|Name , symbol , atomic number||Hafnium, Hf, 72|
|Element category||Transition metals|
|Group , period , block||4 , 6 , d|
|Mass fraction of the earth's envelope||4.2 ppm|
|Atomic mass||178.49 (2) u|
|Atomic radius (calculated)||155 (208) pm|
|Covalent radius||150 pm|
|Electron configuration||[ Xe ] 4 f 14 5d 2 6 s 2|
|1. Ionization energy||6th.825 070A (12) eV ≈ 658.52 kJ / mol|
|2. Ionization energy||14th.61 (4) eV ≈ 1 410 kJ / mol|
|3. Ionization energy||22nd.55 (4) eV ≈ 2 176 kJ / mol|
|4. Ionization energy||33.370 (25) eV ≈ 3 220 kJ / mol|
|5. Ionization energy||68.37 (4) eV ≈ 6 600 kJ / mol|
|Modifications||two (α- / β-Hf)|
|density||13.28 g / cm 3 (25 ° C )|
|magnetism||paramagnetic ( Χ m = 7.0 10 −5 )|
|Melting point||2506 K (2233 ° C)|
|boiling point||4876 K (4603 ° C)|
|Molar volume||13.44 · 10 −6 m 3 · mol −1|
|Heat of evaporation||648 kJ / mol|
|Heat of fusion||25.5 kJ mol −1|
|Vapor pressure||0.00013 Pa at 1970 K|
|Speed of sound||3010 m s −1 at 293.15 K.|
|Specific heat capacity||140 J kg −1 K −1|
|Electric conductivity||3.12 · 10 6 A · V −1 · m −1|
|Thermal conductivity||23 W m −1 K −1|
|Normal potential||−1.505 V (HfO 2 + 4 H + + 4 e -
→ Hf + 2 H 2 O)
|Electronegativity||1.3 ( Pauling scale )|
|For other isotopes see list of isotopes|
Switzerland: 0.5 mg m −3 (measured as inhalable dust )
As far as possible and customary, SI units are used.
Unless otherwise noted, the data given apply to standard conditions .
Hafnium (outdated: Celtium ) is a chemical element with the symbol Hf and the atomic number 72. It is named after the Latin name of the city of Copenhagen , Hafnia , in which the element was discovered. It is a silver-gray, shiny, corrosion-resistant transition metal that is in the 4th subgroup ( titanium group ) in the periodic table .

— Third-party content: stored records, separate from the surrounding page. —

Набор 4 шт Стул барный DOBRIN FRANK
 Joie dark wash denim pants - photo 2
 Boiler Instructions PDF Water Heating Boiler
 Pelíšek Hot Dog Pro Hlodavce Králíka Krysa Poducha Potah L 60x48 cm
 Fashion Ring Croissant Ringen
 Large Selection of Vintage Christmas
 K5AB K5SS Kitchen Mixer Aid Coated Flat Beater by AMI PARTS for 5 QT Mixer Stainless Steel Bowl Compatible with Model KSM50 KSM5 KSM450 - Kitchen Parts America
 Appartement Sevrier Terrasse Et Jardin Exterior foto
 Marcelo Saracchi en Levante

Hafnium has very similar properties to the zirconium directly above it in the periodic table . Biological functions are not known, it does not normally occur in the human organism and it is not toxic .
Hafnium was one of the last stable elements on the periodic table to be discovered. The first indication of the existence of another element between lutetium and tantalum arose from Moseley's law found in 1912 . In 1914 Henry Moseley tried unsuccessfully to find the unknown, but according to this law to be expected element with the atomic number 72 in samples of minerals of the rare earths (today lanthanoids ).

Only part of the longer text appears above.